[Assigned task] Only the lines from the one that contains "Gél tok mmCase" through the end of the entries, both included, should be transcribed, exactly and without pictures.

[Source information]

-*-

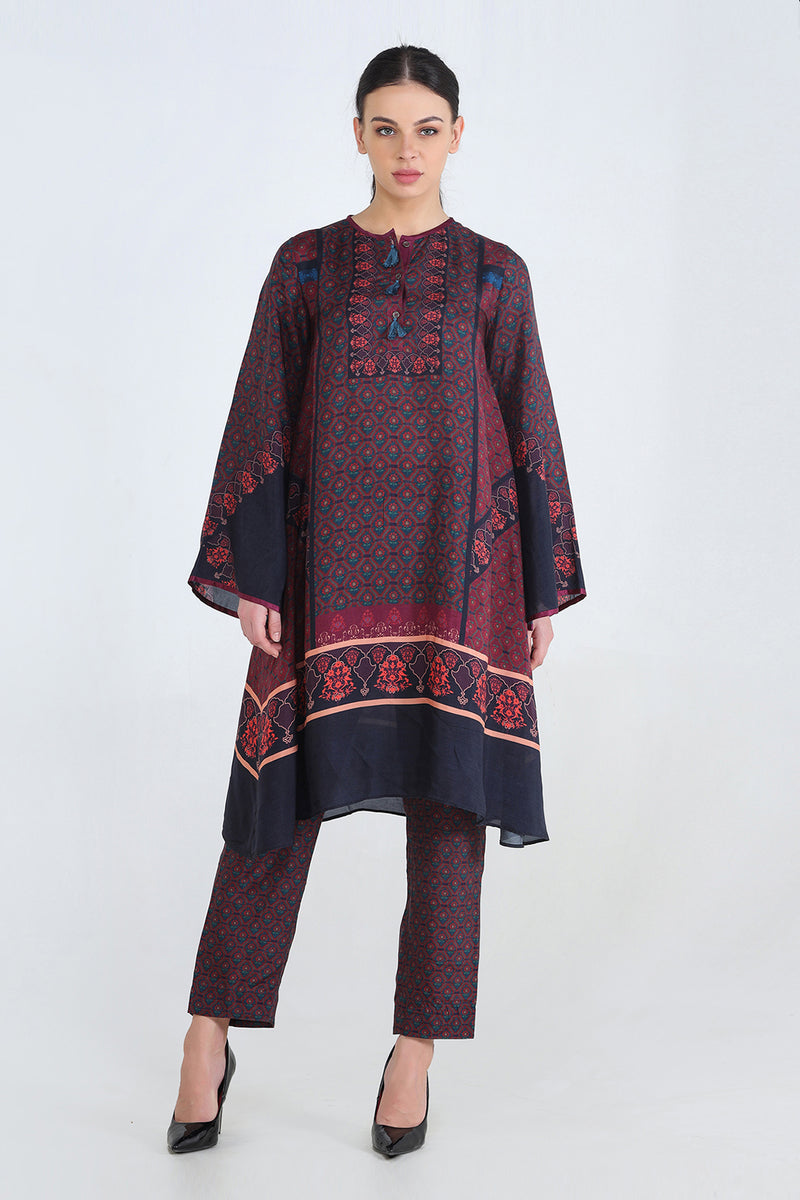 Blue Tapestry Printed Straight Pants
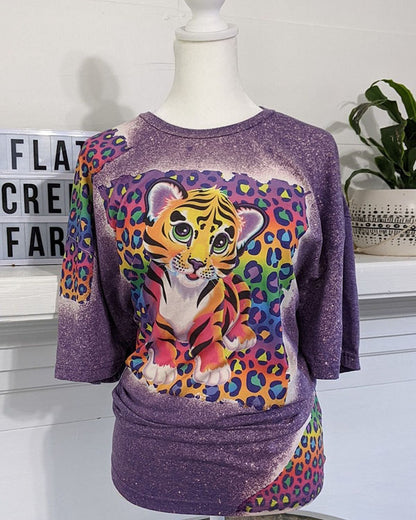 Nostalgic 90's Tiger Leopard Print Bleached T-Shirt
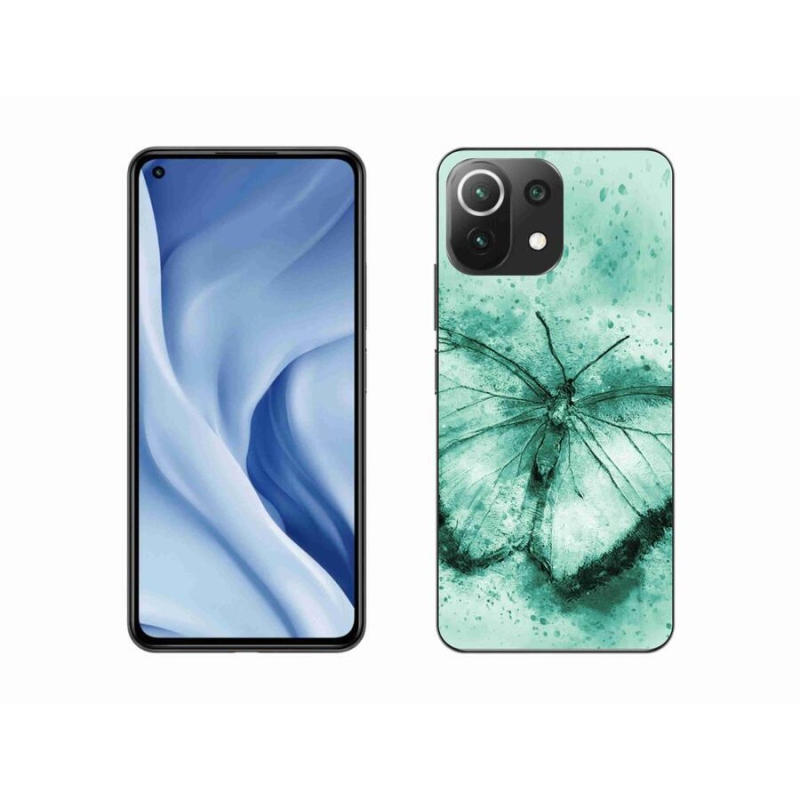 Gél tok mmCase a Xiaomi Mi 11 Lite 4G/5G készülékhez - zöld pillangó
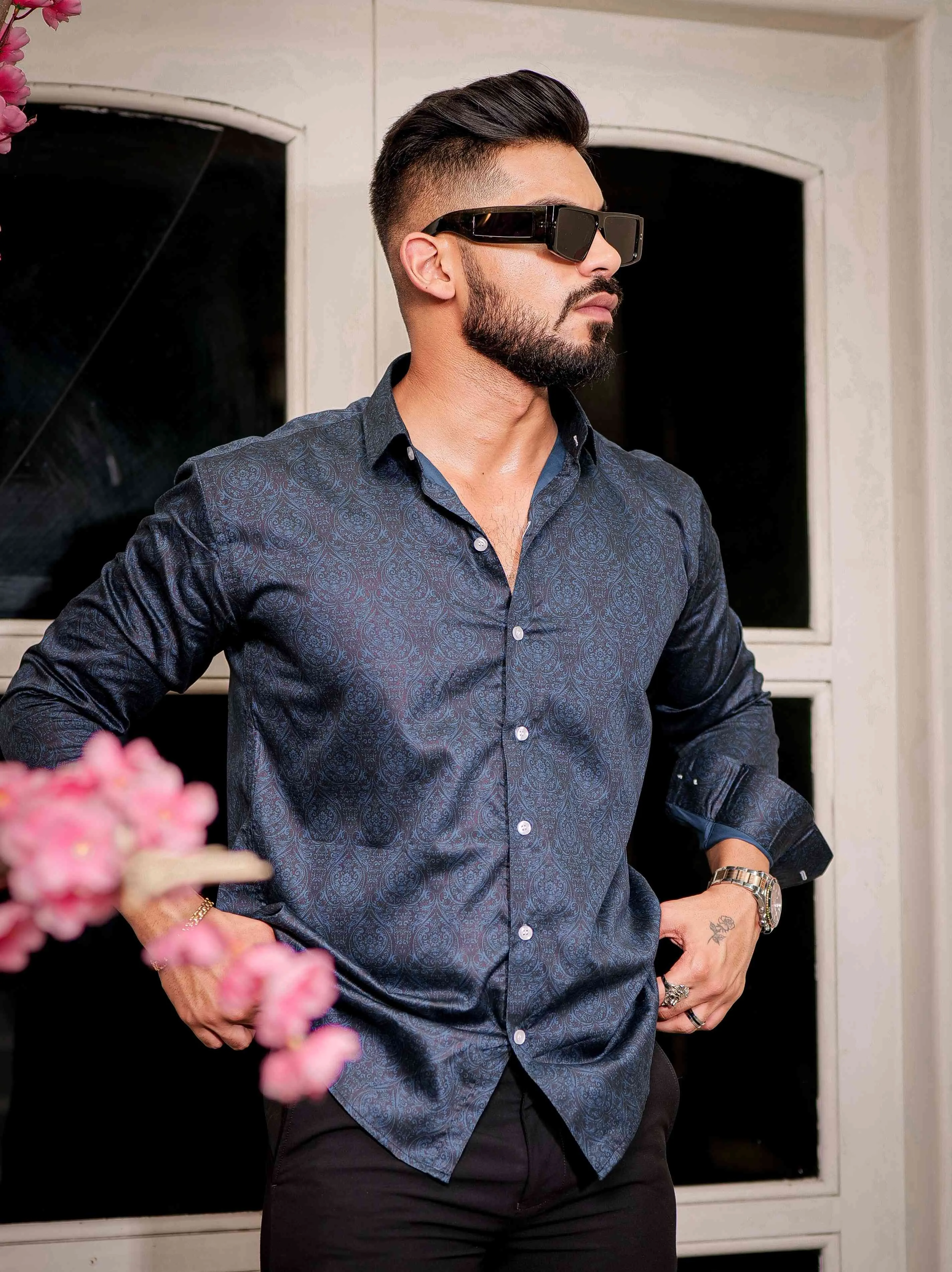 Blue Cotton Print Premium Shirt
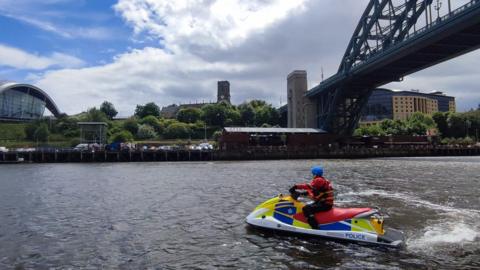 A Northumbria Police water scooter on patrol on the River Tyne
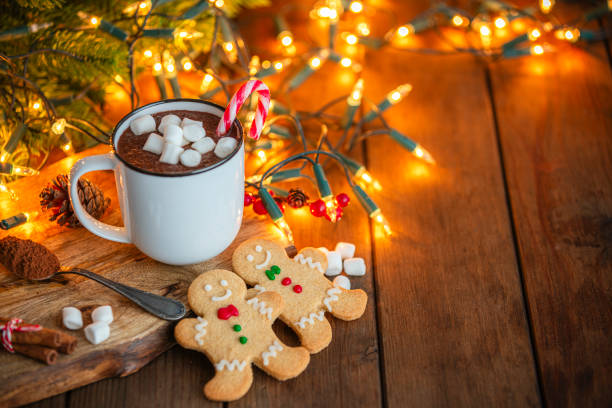 istock Hot chocolate with marshmallows and and gingerbread cookies on cozy Christmas table 2171352494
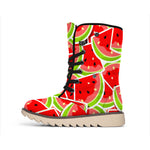 Cute Watermelon Slices Pattern Print Winter Boots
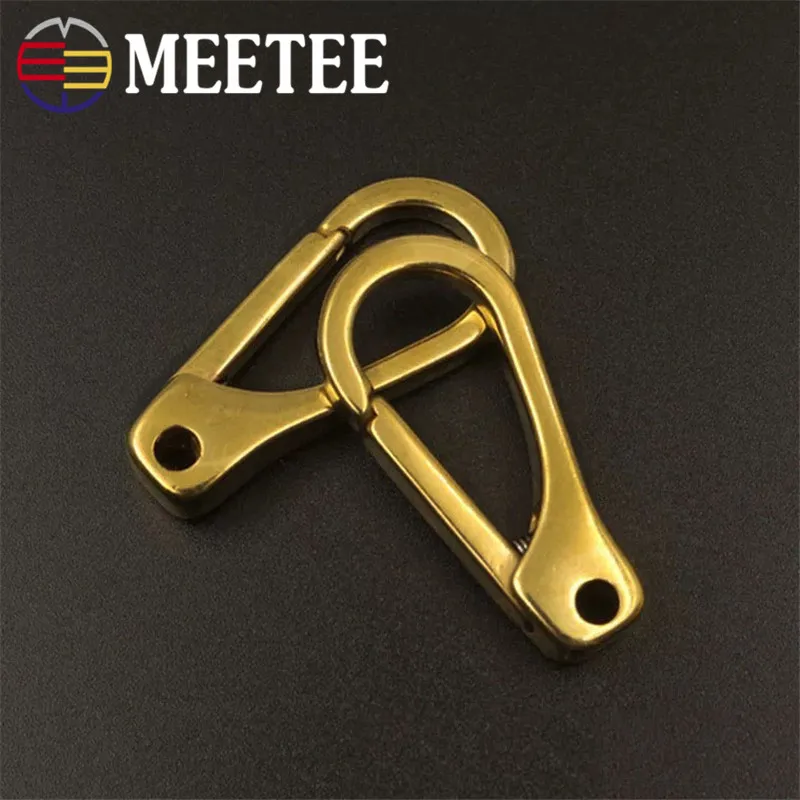 MEETEE 4PCS Pure brass hooks luggage hardware handmade leather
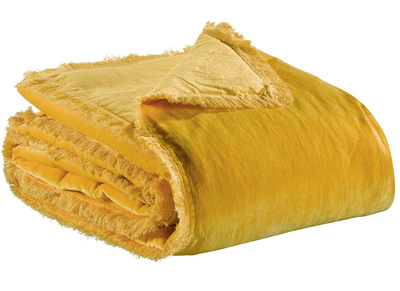 Plaid en velours jaune curry 135 x 200 cm PESCA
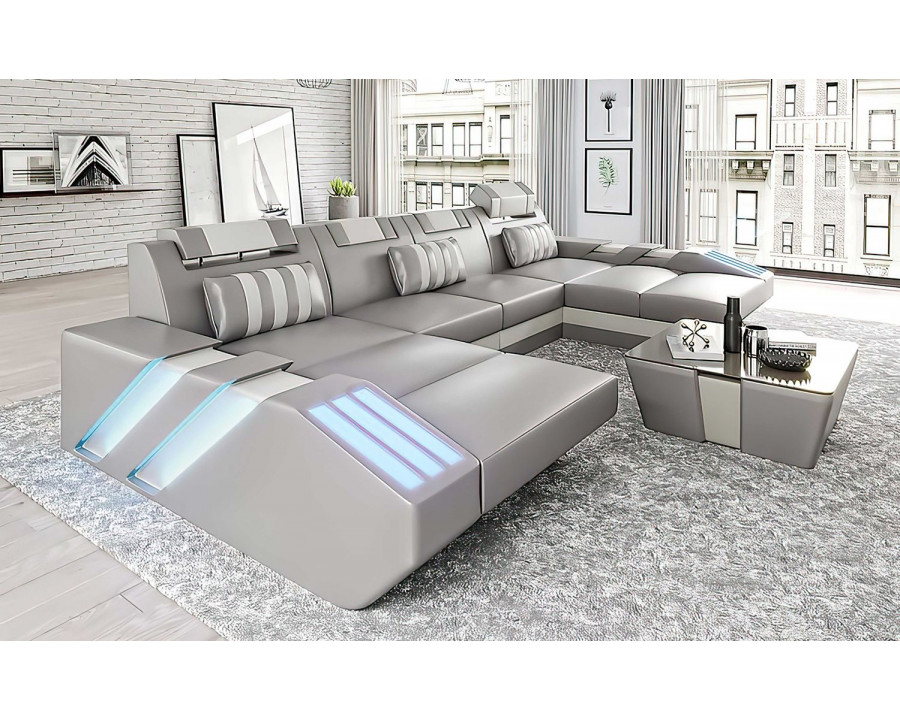 Jubilee Cosmo U-Shape Modern Sectional with Led - Gray/White, Bonded Leather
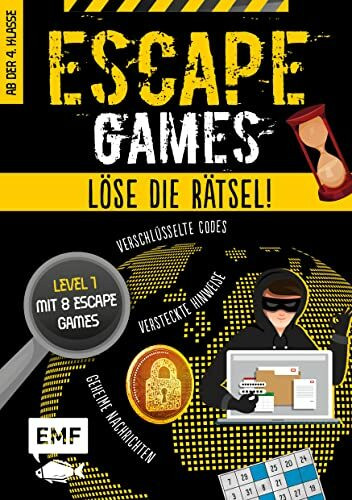 Escape Games Level 1 (gelb) – Löse die Rätsel! – 8 Escape Games ab der 4. Klasse: Mit verschlüsselten Codes, versteckten Hinweisen und geheimen Nachrichten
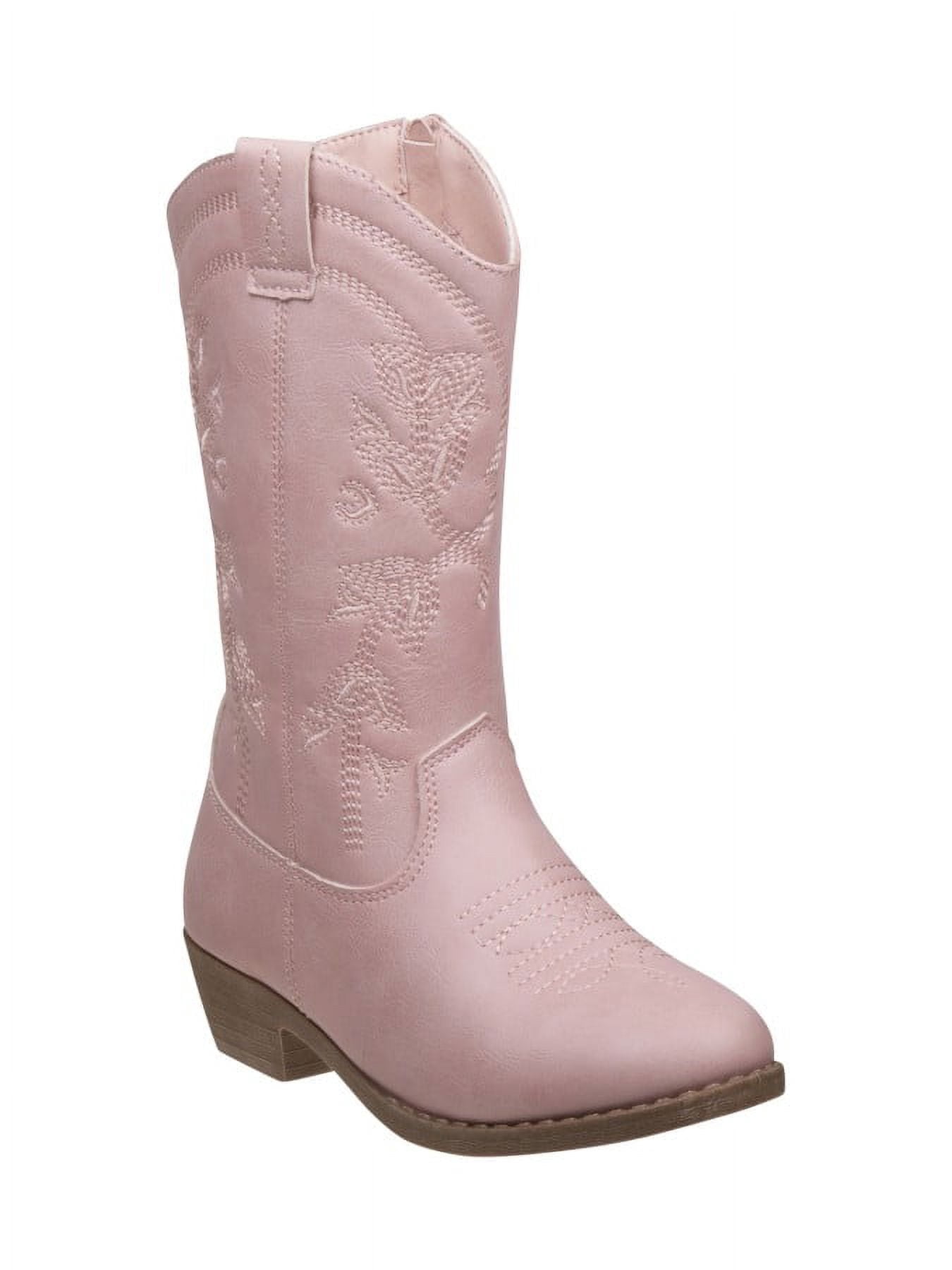 Zip-up Heel Cowgirl Boots - Pink, 3
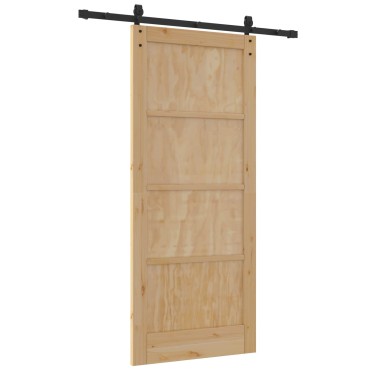 vidaXL Συρόμενη Πόρτα Φυσικό 86 x 198,5 cm Μασίφ Ξύλο Πεύκου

-*-

[Response]
 Gél tok mmCase a Xiaomi Mi 11 Lite 4G/5G készülékhez - zöld pillangó
 Blue Cotton Print Premium Shirt
 A Northumbria Police water scooter on patrol on the River Tyne
 istock Hot chocolate with marshmallows and and gingerbread cookies on cozy Christmas table 2171352494
 Cute Watermelon Slices Pattern Print Winter Boots
 MEETEE 4PCS Pure brass hooks luggage hardware handmade leather
 Plaid en velours jaune curry 135 x 200 cm PESCA
 Jubilee Cosmo U-Shape Modern Sectional with Led - Gray/White, Bonded Leather
 Escape Games Level 1 (gelb) – Löse die Rätsel! – 8 Escape Games ab der 4. Klasse: Mit verschlüsselten Codes, versteckten Hinweisen und geheimen Nachrichten
 Zip-up Heel Cowgirl Boots - Pink, 3
 vidaXL Συρόμενη Πόρτα Φυσικό 86 x 198,5 cm Μασίφ Ξύλο Πεύκου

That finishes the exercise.